Mercifully, our talk ended briefly since the prayer service was about
to start. But the question popped itself again: how do you comfort someone who
just lost a father?
In 2012, Ma’am Aimee’s baby died. I went at the wake together with my
office mates. Unlike the rest who asked for details on how the
baby died, I was looking around most of the time, thinking, “Is there a prayer
service?”
And when we bade farewell to Ma’am Aimee, all I did was hold her hand
for several seconds. No words of comfort from me to her. Just me staring at her
teary eyes. How do you comfort someone who just lost her child?
But I need to ask myself first. Why the sense of inadequacy? Why the
feeling of guilt if I don’t try anything to somehow alleviate the other’s
grief? Why isn’t it easy or natural for me to just act?
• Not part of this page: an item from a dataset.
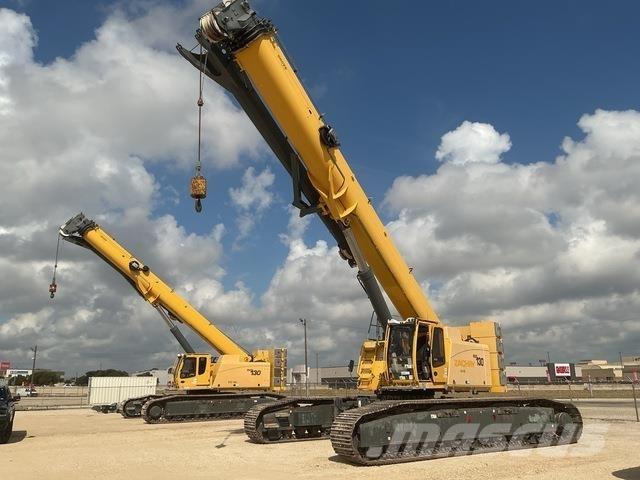 Grove GHC130 Crawler Cranes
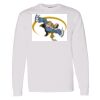 16x20 PRINT AREA Heavy Cotton™ Long Sleeve T-Shirt Thumbnail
To just follow what the
people around me are doing?
For instance, I could say I’m sorry or condolences. But what good would that do? What
am I sorry for anyway?
I could say their loved one is in a better place. But how is that
going to take away the sorrow?
I can goad them to talk about the circumstances surrounding the death.
But I disdain the futility of the exercise (and it's not helpful too. See article here).
I can hug. But I'm not the 'touchy-feely' type of friend.
So I’m left with just this: be a presence. No words need to be
uttered. And I can do it perfectly. Just stand around and let the other know I'm around.
Besides, the part to give comfort is not necessarily during the funeral but after, when the enormity of the loss begins to sink in. By then, expect me to stick around so you don't have to mourn alone.